▸ **TASK ITEM**: A faithful copy of the data, pictures omitted, is the required answer.

▸ **SUPPLIED MATERIAL**:

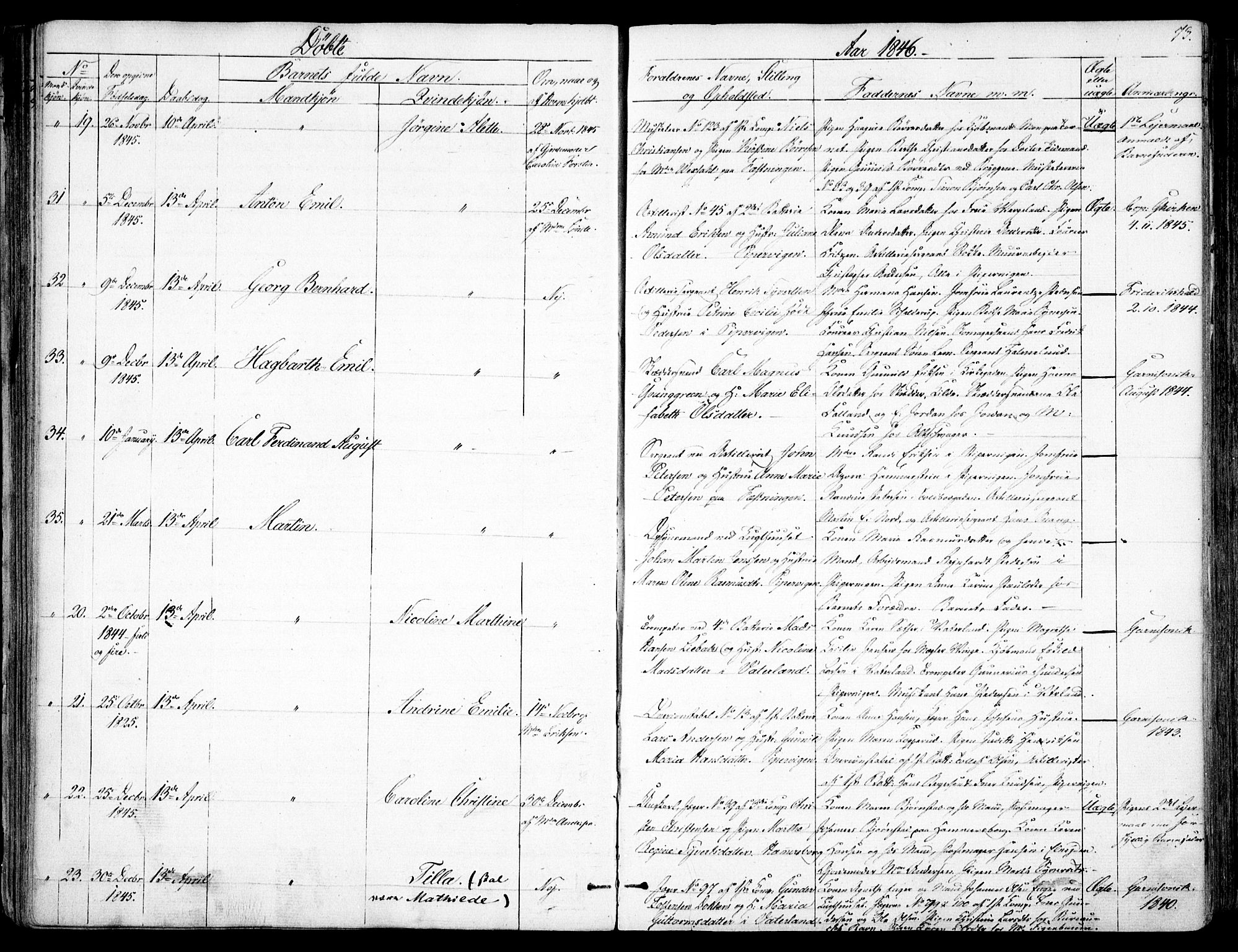 Garnisonsmenigheten Kirkebøker, SAO/A-10846/F/Fa/L0008: Parish register (official) no. 8, 1842-1859, p. 73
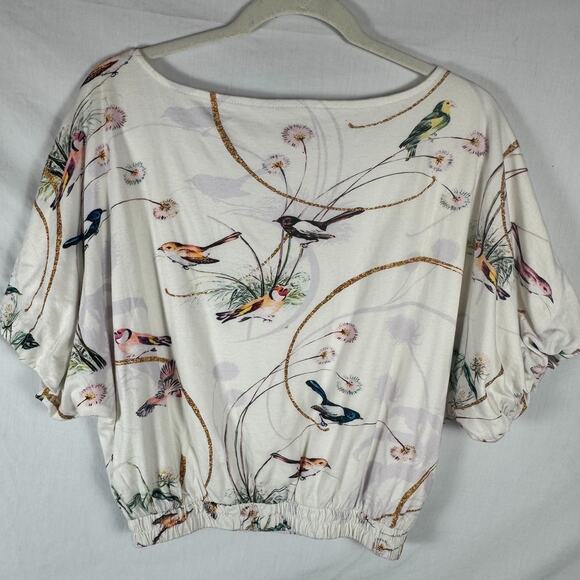 Anthropologie Maeve Top Womens XXS Birds Cropped Bubble Hem Dolman Sleeves Lined - Picture 2 of 5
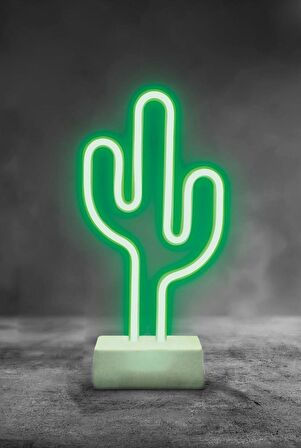 Piranha Dekoratif Neon Kaktüs Gece Aydınlatması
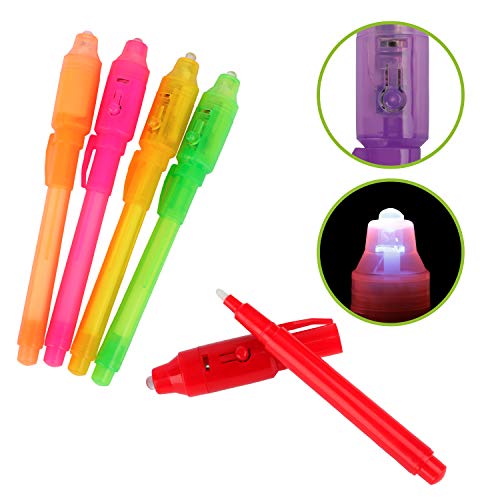 25 rotuladores mágicos con tinta invisible y luz ultravioleta. Bolígrafo con linterna para mensajes secretos. Lápiz mágico. Regalo para niños. Boli espía para notas ocultas. Invisible Ink Pen.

▸ **EXERCISE SOLUTION**:
 Garnisonsmenigheten Kirkebøker, SAO/A-10846/F/Fa/L0008: Parish register (official) no. 8, 1842-1859, p. 73
 Anthropologie Maeve Top Womens XXS Birds Cropped Bubble Hem Dolman Sleeves Lined - Picture 2 of 5
 Piranha Dekoratif Neon Kaktüs Gece Aydınlatması
 25 rotuladores mágicos con tinta invisible y luz ultravioleta. Bolígrafo con linterna para mensajes secretos. Lápiz mágico. Regalo para niños. Boli espía para notas ocultas. Invisible Ink Pen.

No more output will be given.